● **About this exercise**: The answer must be an exact copy of the lines from the one with "Cooktop parts for" to the last line of the entries below, both included, and must contain no pictures.

● **Data records**:

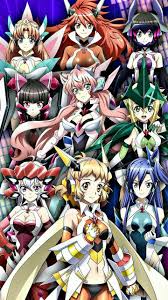 Serena Kanade Miku Shirabe Maria Kirika Yukine Hibiki Tsubasa Senki Zesshou Symphogear Magical Girl Anime Awesome Anime Otaku Anime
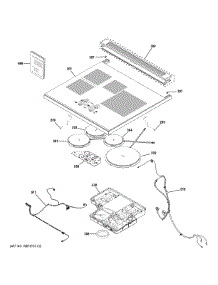 Cooktop parts for Ge Electric Wall Oven ZHP304ETV1SS from AppliancePartsPros.com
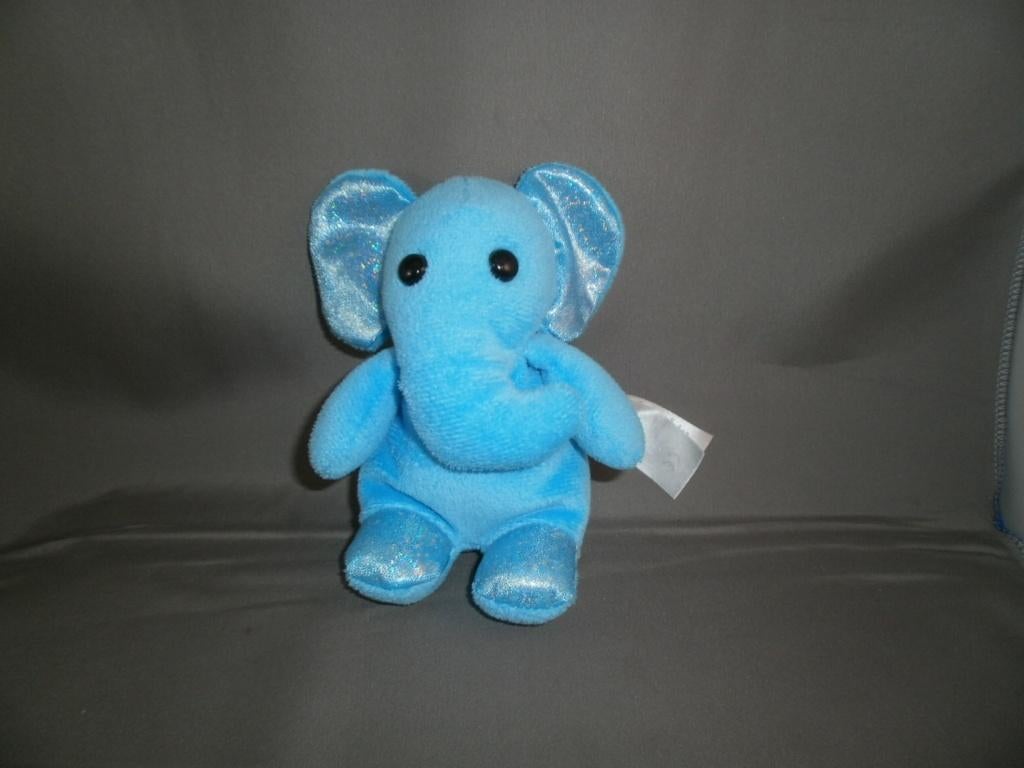 primark olifant blauw velours met glitter oren poten boven, Ophalen of Verzenden, Nieuw, Olifant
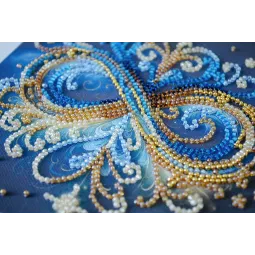 Mini Perlenstickerei Set „Infinity“ 15x15 cm AAM-261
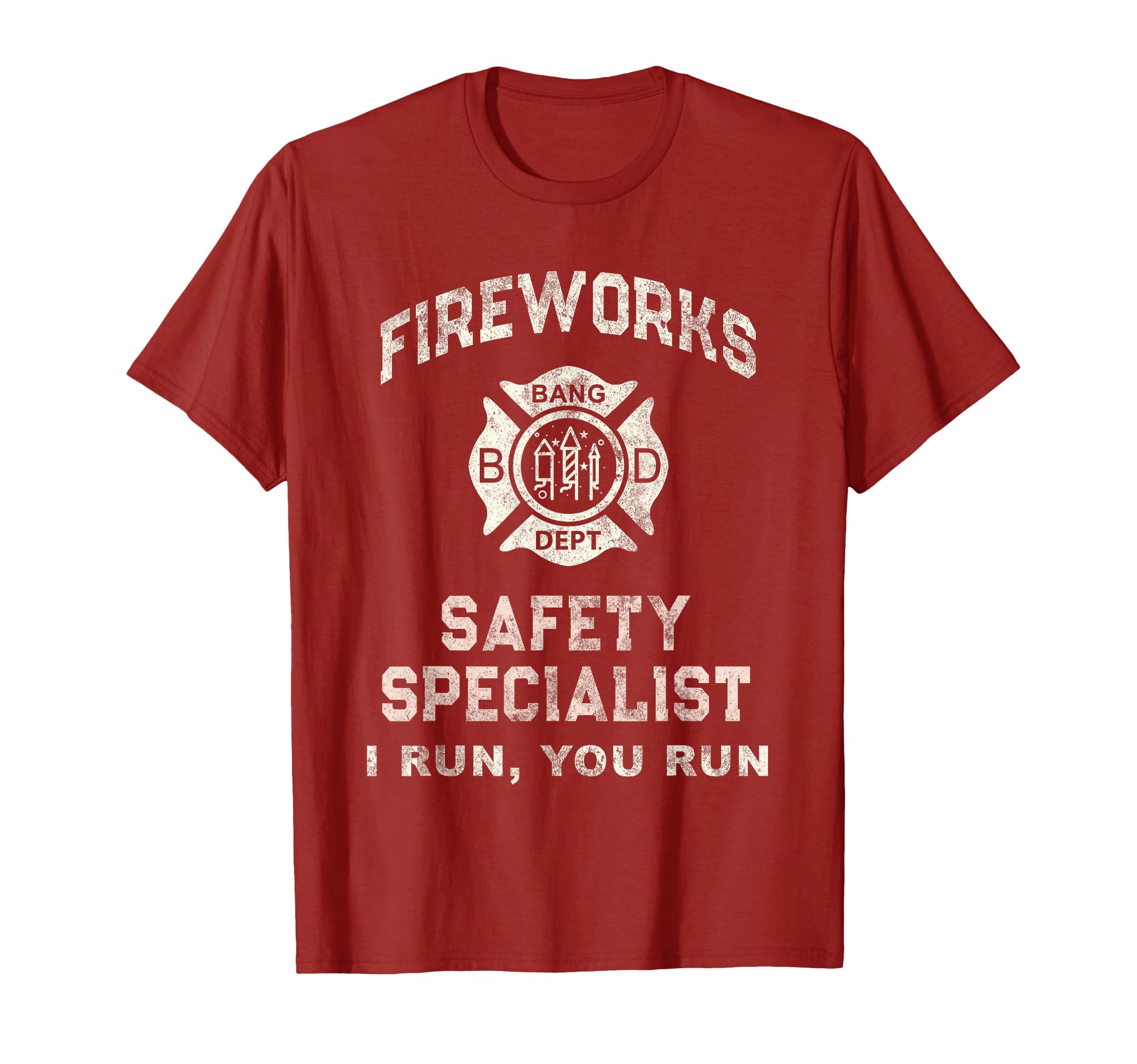 Funny Fireworks Safety Specialist T-Shirt - Graphic Print Men Women - T-Shirt, Sweatshirt, Hoodie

● **Response below**:
 Cooktop parts for Ge Electric Wall Oven ZHP304ETV1SS from AppliancePartsPros.com
 primark olifant blauw velours met glitter oren poten boven, Ophalen of Verzenden, Nieuw, Olifant
 Mini Perlenstickerei Set „Infinity“ 15x15 cm AAM-261
 Funny Fireworks Safety Specialist T-Shirt - Graphic Print Men Women - T-Shirt, Sweatshirt, Hoodie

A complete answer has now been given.